BARBU est la seconde production en tournée du Cirque Alfonse ; leur première intitulée  ‘Timber’ a fait le tour du  monde pendant cinq ans, avec une apparition à Parramatta en 2015. Une production née d’une envie toute simple de Lépine d’offrir à son père un vrai cadeau d’anniversaire.

“Il avait, dit-il, toujours voulu monter sur scène, mais il n’en a jamais eu la chance, alors ma sœur et moi on a décidé de monter un spectacle pour ses 60 ans.”

“On a donc préparé un spectacle mais on en attendait rien de plus: pour nous nous c’était juste un moment de rigolade, mais on a réussi à faire ce spectacle pendant deux années, et après cela on a signé d’autres contrats avec d’autres  grandes compagnies canadiennes.

“Et puis on a décidé de recommencer et de lancer un vrai spectacle pour des tournées, alors on a produit  Timber qui a tourné pendant cinq ans et qui vient tout juste de conclure cette année ; et BARBU a vu le jour il y a trois ans.”

Basés à Montréal où le mouvement du Cirque a bénéficié de la poussée du Cirque du Soleil et des diverses initiatives qui en ont émergé, les artistes de BARBU ont pu créer un spectacle qui s’inspire d’autres productions tout en apportant  son cachet vraiment unique.

Lépine pense que la contribution du Cirque du Soleil a été très importante pour le cirque : “ Ils ont ouvert la voie, et on s’est contentés en gros de suivre ce chemin tout tracé en apportant notre propre style, on est plus petits. Je ne sais pas pourquoi mais au Québec il y a beaucoup d’initiatives artistiques  comme la danse et la musique, etc.  et c’est vraiment une chance d’être de là-bas. ”

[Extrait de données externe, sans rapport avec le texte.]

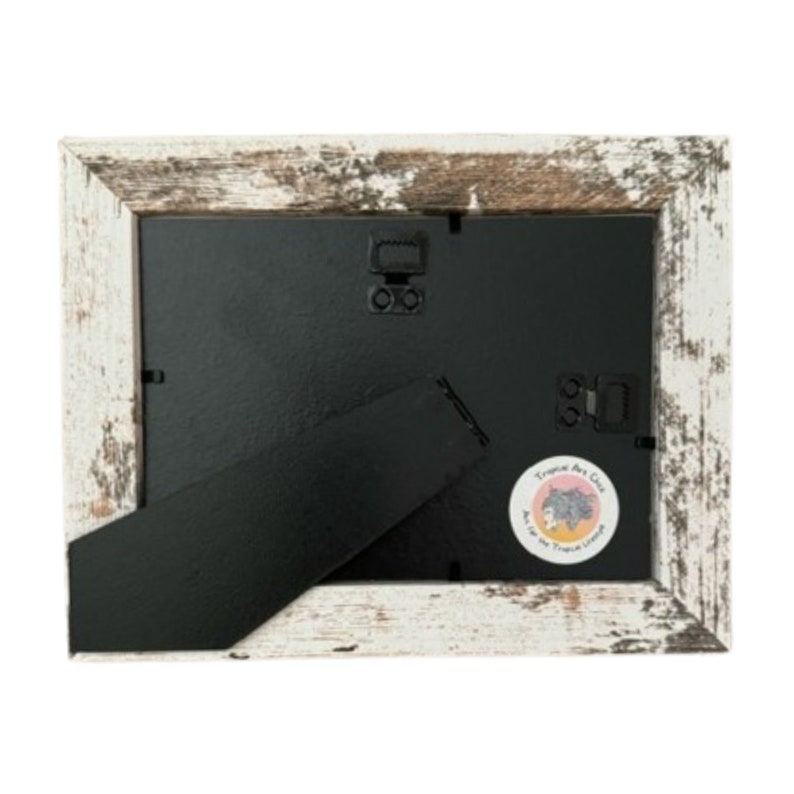 Puede incluir: Marco de fotos de madera blanca con un paspart&uacute; negro y una peque&ntilde;a pegatina en la esquina inferior derecha que dice "Tropics Art Co."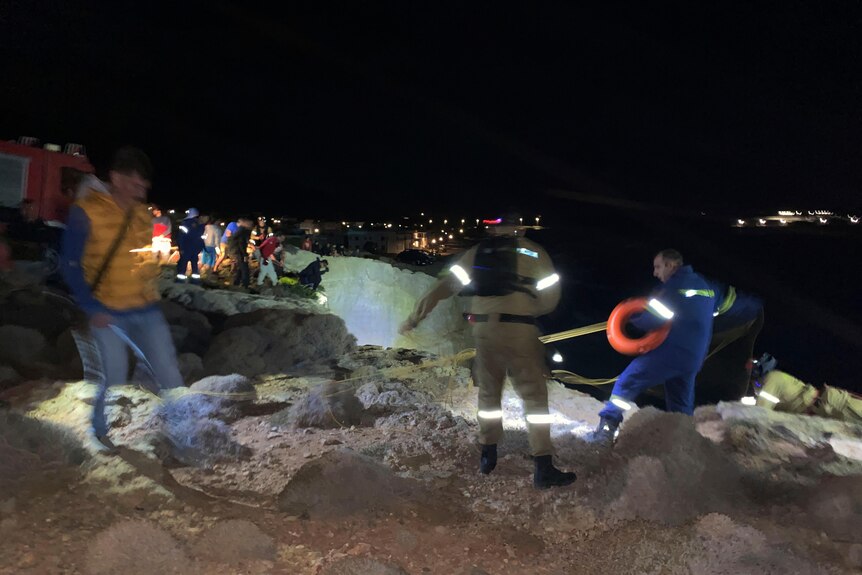 Authorities and local residents walk along a cliff face at night looking for survivors from a shipwreck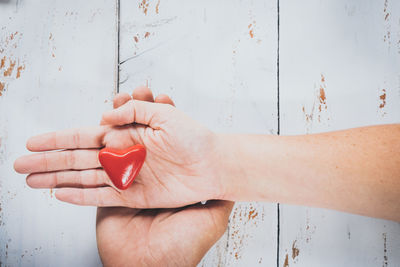 Cropped hands with heart shape decoration on table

“On a pas mal voyagé, pas moi seulement, mais tous les autres artistes aussi, avec le Cirque du Soleil, Eloize, Seven Fingers et bien d’autres, on a vu d’autres spectacles aussi, on a regardé les différentes façons de faire, et je pense qu’on a glané de ci de là, et on a essayé d’en faire quelque chose bien à nous.”

Ce qu’ils ont créé, c’est une production intense, pleine d’action, qui mêle de multiples éléments de cirque pour offrir au public une expérience à vous couper le souffle et qu’on ne quitte pas de yeux une seule seconde.  Le côté physique et acrobatique du spectacle est extraordinaire sur une scène restreinte et le public est souvent pris par surprise.

“On a toujours fait des spectacles vraiment physiques ; on arrive au sommet de notre carrière, on ne sort pas tout juste de l’école et on n’a plus vingt ans, mais on veut quand même continuer à faire dans le physique, on essaie juste de faire du mieux qu’on peut, ajoute Lépine en riant. ”

“C’est aussi intéressant de nous voir plus tout jeunes, un peu sur l’embonpoint, pas taille fine, les gens ne s’attendent pas à ce qu’on fasse ce genre de choses. Quand ils nous croisent dans la rue, ils nous disent : ‘Oh vraiment, vous êtes acrobates ?’.”